La España de los pueblos ha venido a Madrid con sus pancartas de cereal y rabia. Han venido a las puertas del Congreso a pedir justicia, a reclamar lo que es suyo, lo que este Gobierno y todos los anteriores les deben. Piden a los partidos un pacto de Estado contra la despoblación. Y contra el pasotismo.

No han venido, pues, solo a exigir carreteras, escuelas, mejoras sanitarias, sucursales bancarias, apoyo a las empresas, una red decente de ferrocarril, una fiscalidad más justa, una conexión digna a internet. Han venido a pedir eso y tres sílabas: futuro. Porque es vergonzoso que, en pleno siglo XXI, la Edad Media siga pasando aún por tantísimos pueblos y aquí nadie haga nada.

Han llegado a Madrid, ya digo, cientos de megáfonos de secano, las voces de los muertos de la España interior, de esa España desterrada de España, a decirles a los políticos que los pueblos desaparecen. Que pierden cinco habitantes por hora. Que ya está bien de tanta promesa que solo es el condón burocrático de la mentira.

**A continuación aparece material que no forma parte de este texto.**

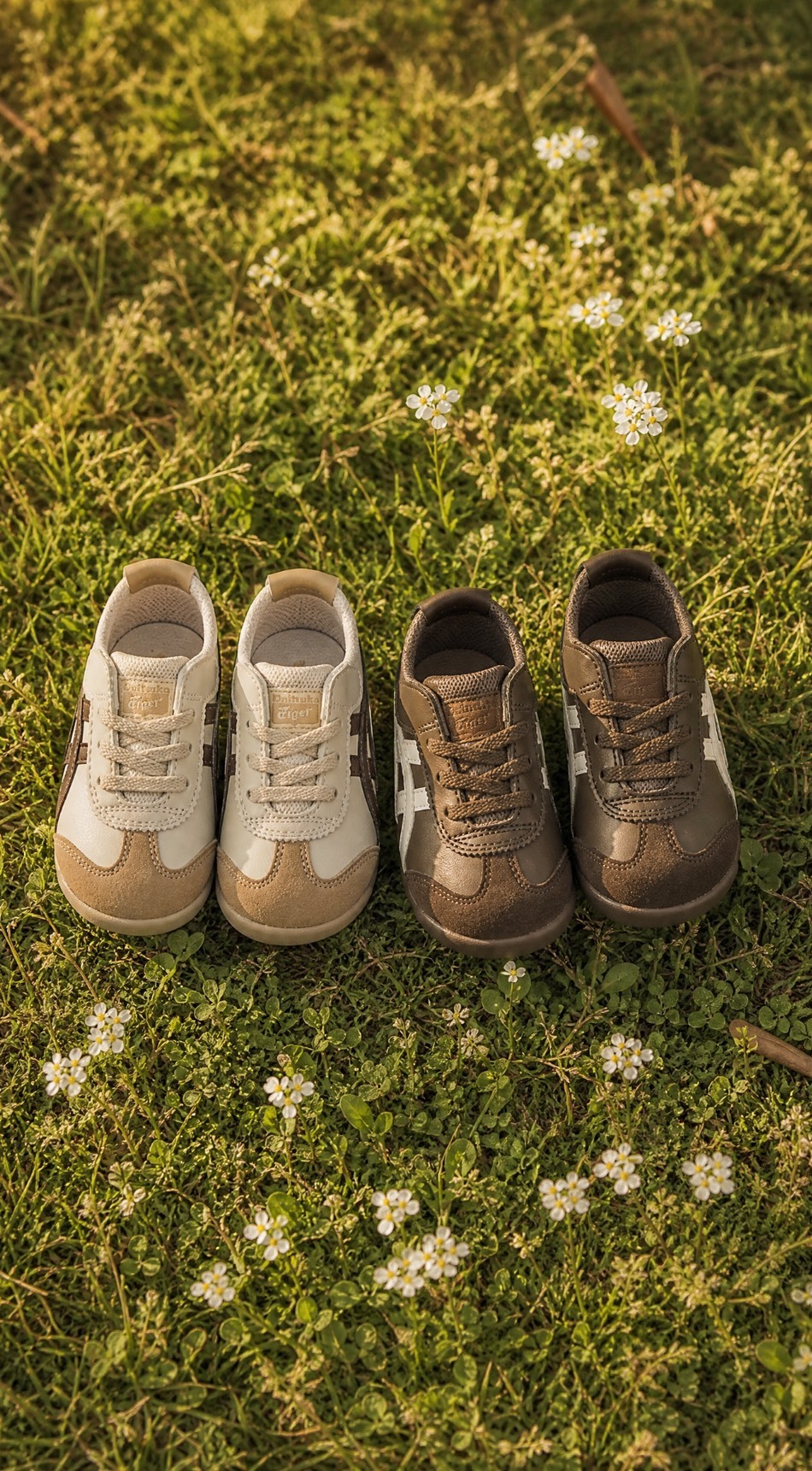 【APAIR】預購 Onitsuka Tiger 鬼冢虎 MEXICO 66 KIDS 灰褐色 咖啡奶油 1184A074-207 1184A074-208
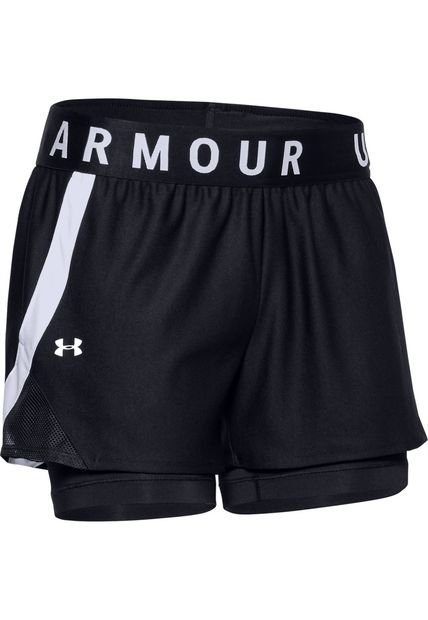 Short Under Armour Play Up 2 En 1  Mujer-Negro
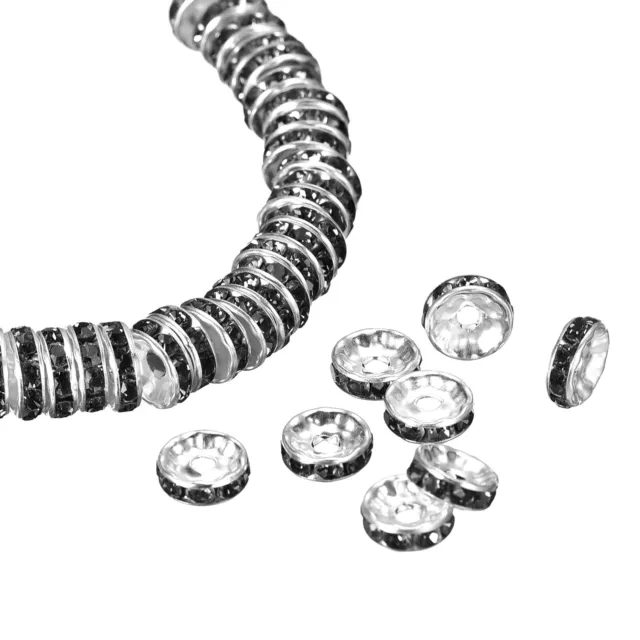 https://www.picclickimg.com/43UAAOSwjdRliok8/100Pcs-8mm-Rondelle-Spacer-Beads-Silver-Plated-Black.webp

Y se han traído consigo los barbechos mansurrones en las pancartas y el Moncayo de Bécquer en la mirada. Han llegado de todas partes. Han venido de Ávila con las alpargatas, polvorientas de siglos y de conventos, de santa Teresa; han venido de Zamora con las nieblas románicas del Duero en la garganta; han venido de Burgos con el cadáver peatonal del Cid a cuestas; han venido con los ladrillos mudéjares y valientes de Teruel, con el trigo verde y plata de la campiña de Guadalajara. Han venido de Soria con san Antonio Machado al frente. Han venido de León en los lomos enjaezados de las mulas maragatas. Han venido hombretones con alma de hoz. Duras mujeres de adobe y amapolas en la mirada.

Han venido a Madrid, a esta Babilonia de ruido y burocracia, la cultura y media historia de España.